» PROBLEM DETAILS
The complete listing should be transcribed precisely.

» GIVEN INFORMATION

+++

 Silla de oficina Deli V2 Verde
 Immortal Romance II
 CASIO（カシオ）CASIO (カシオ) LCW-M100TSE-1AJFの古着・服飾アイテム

+++

» EXERCISE ANSWER
 Silla de oficina Deli V2 Verde
 Immortal Romance II
 CASIO（カシオ）CASIO (カシオ) LCW-M100TSE-1AJFの古着・服飾アイテム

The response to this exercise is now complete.